*** Provided material Section Begins ***
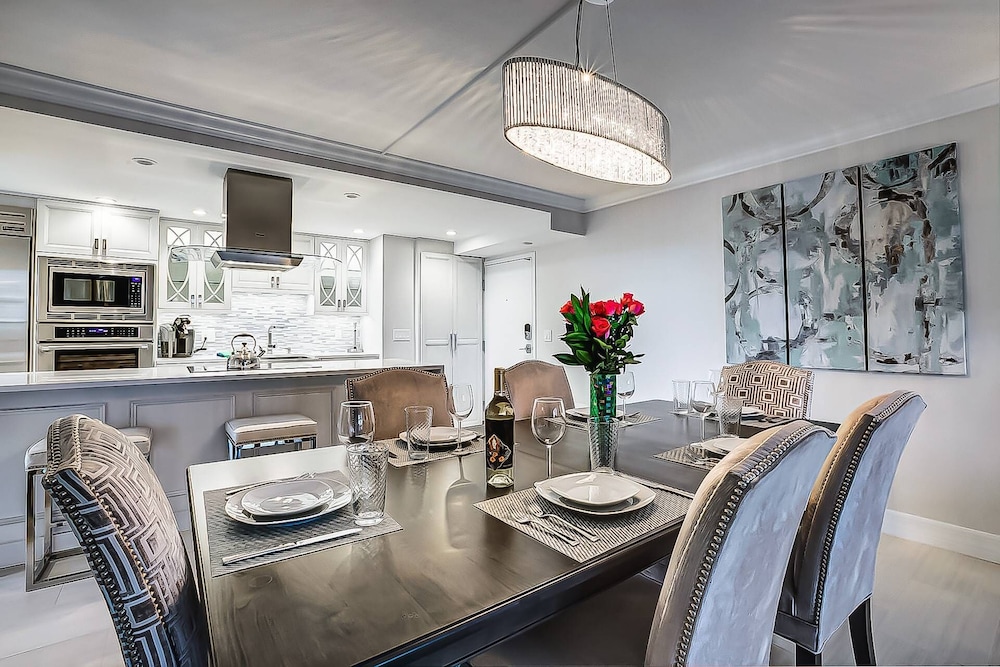 Harbor Towers 4th Fl Modern 3BR With Den - photo 16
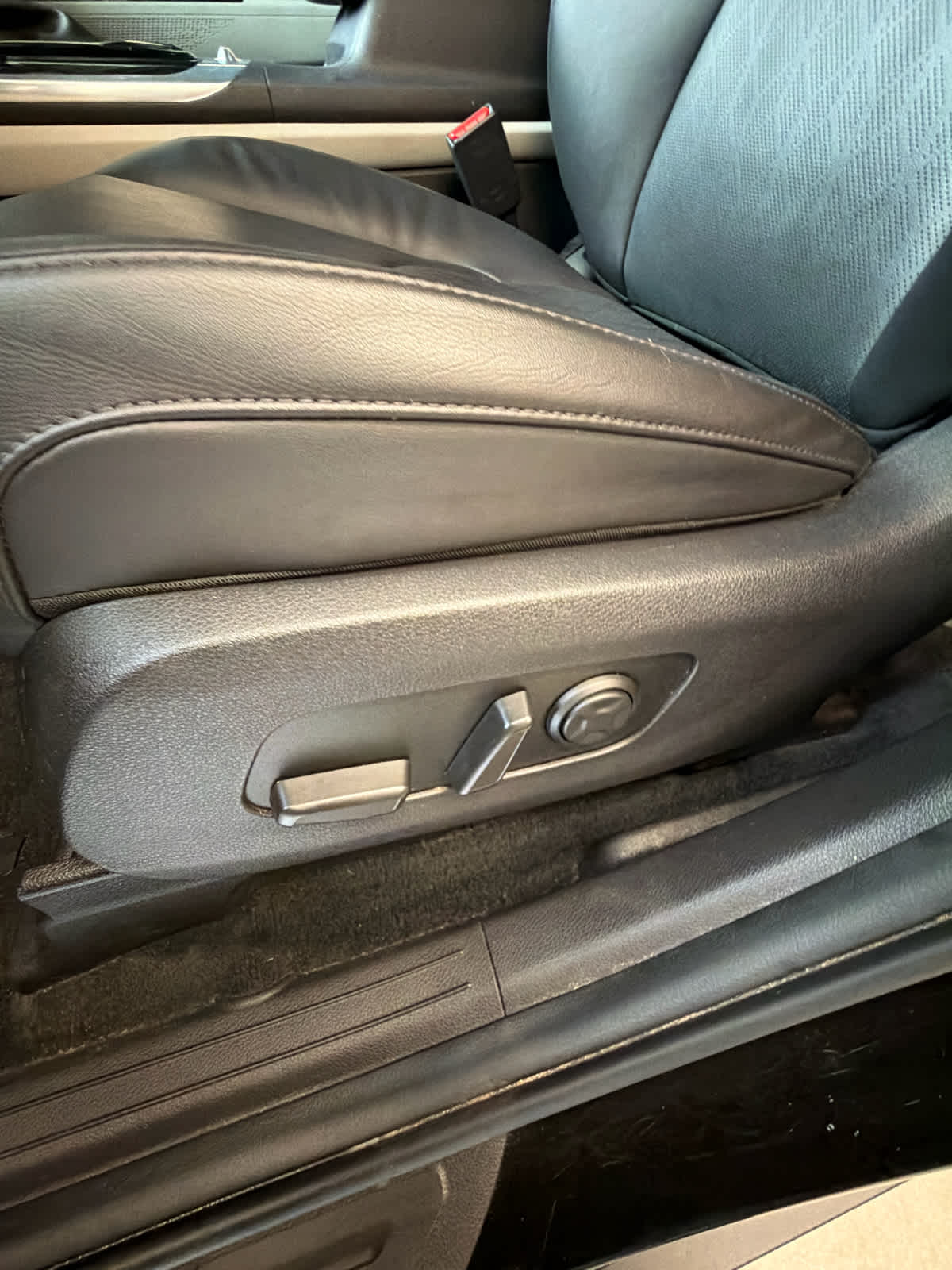 2024 Kia Carnival photo 15 of 39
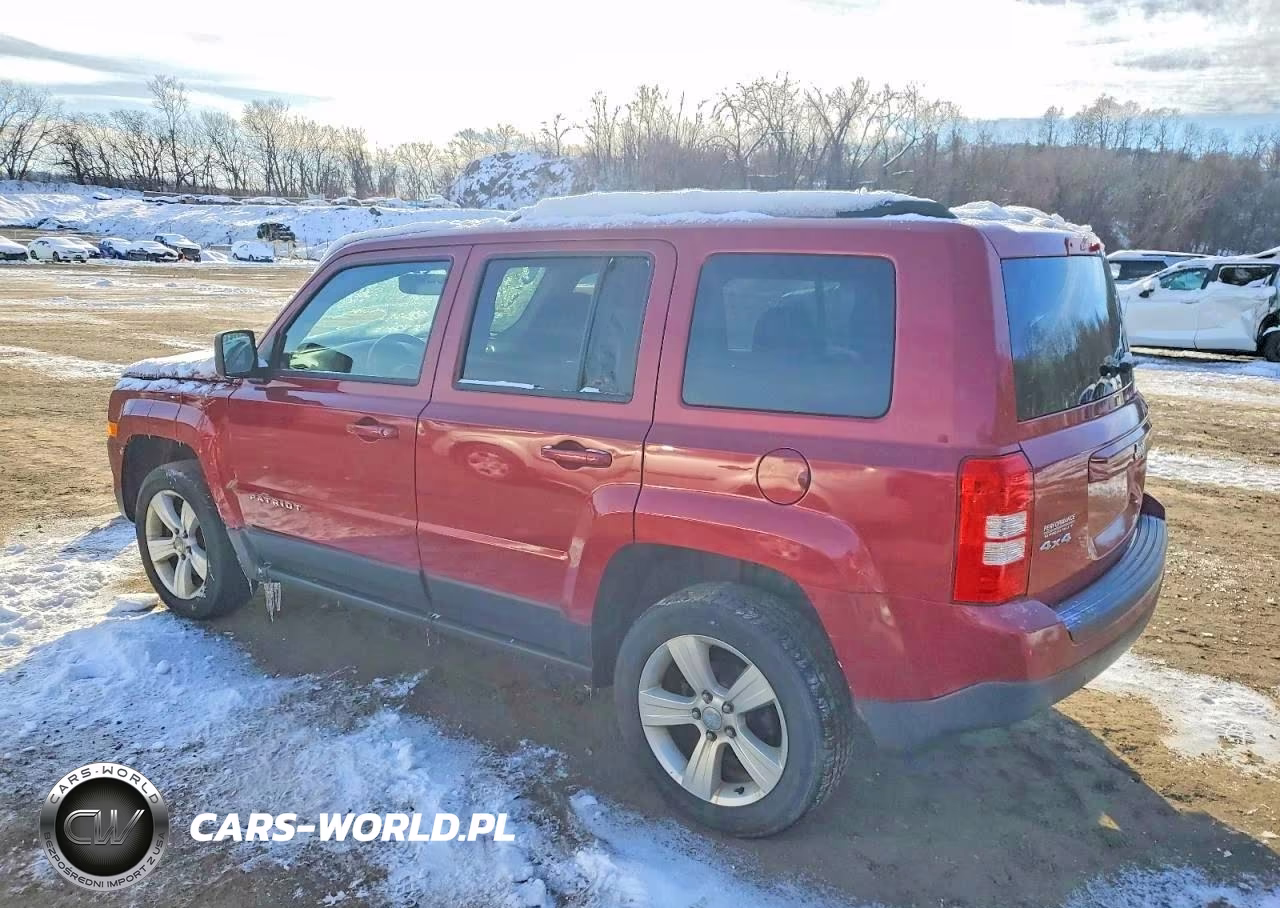 2015 Jeep Patriot Latitude VIN:1C4NJRFB5FD376694 - 2
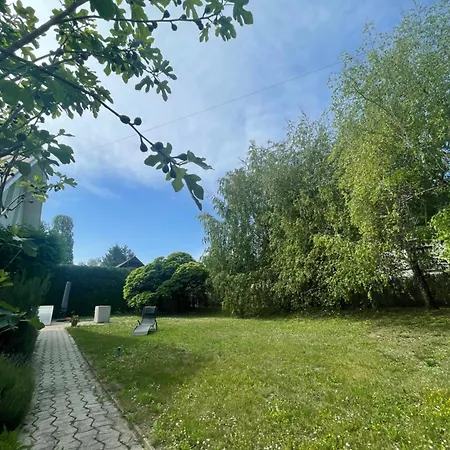 Magyar Tenger Pihenohaz, For 2-8 Person, 105 M2, Garden, Pool, Free Parking, 5 Min From The Lake, Holiday home *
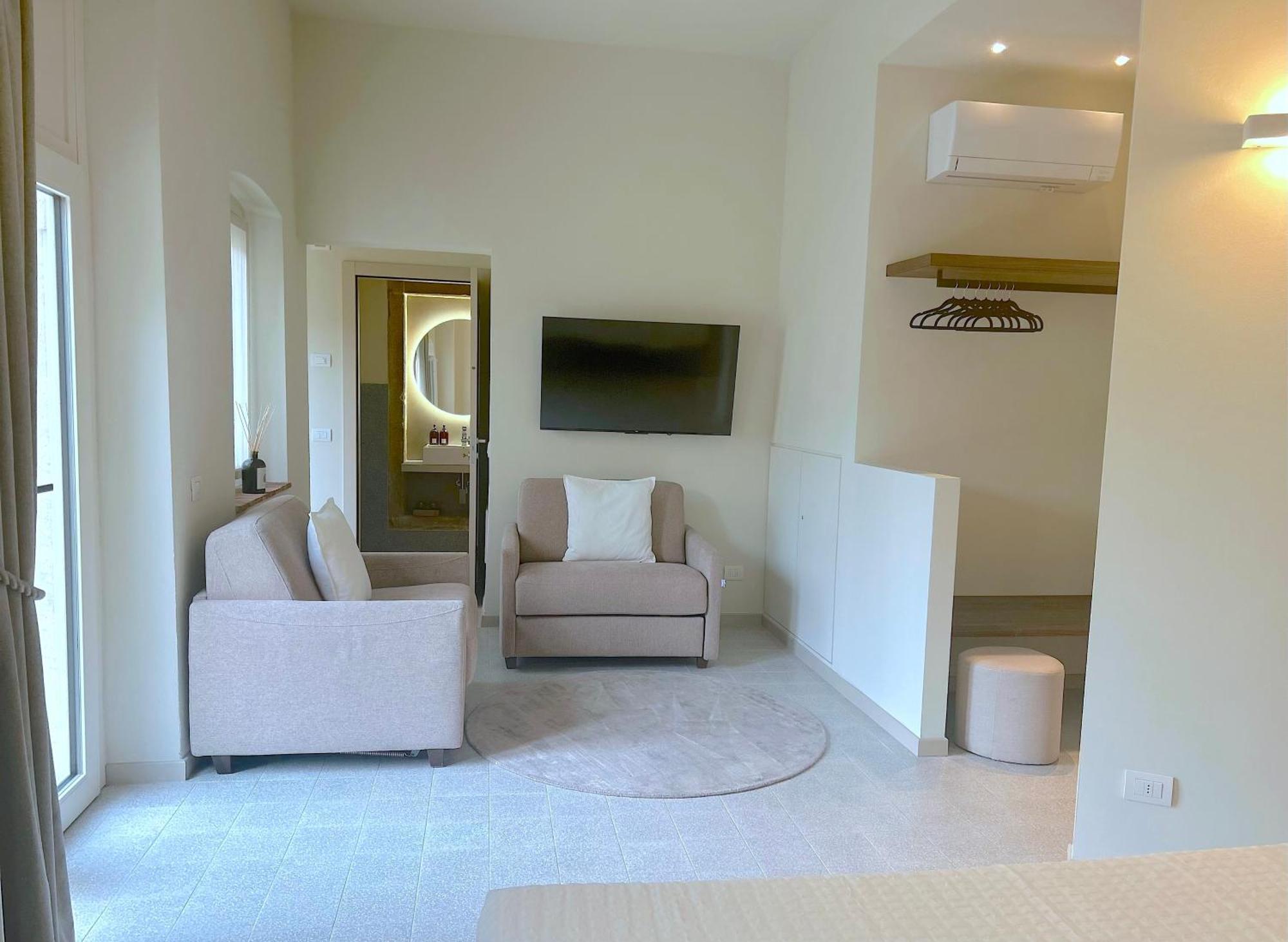 The Lake Suites Com - Luxury Stay In Lazise Buitenkant foto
*** Provided material Section Ends ***
A verbatim copy of every entry is wanted; the pictures stay out of it.

* Result
 Harbor Towers 4th Fl Modern 3BR With Den - photo 16
 2024 Kia Carnival photo 15 of 39
 2015 Jeep Patriot Latitude VIN:1C4NJRFB5FD376694 - 2
 Magyar Tenger Pihenohaz, For 2-8 Person, 105 M2, Garden, Pool, Free Parking, 5 Min From The Lake, Holiday home *
 The Lake Suites Com - Luxury Stay In Lazise Buitenkant foto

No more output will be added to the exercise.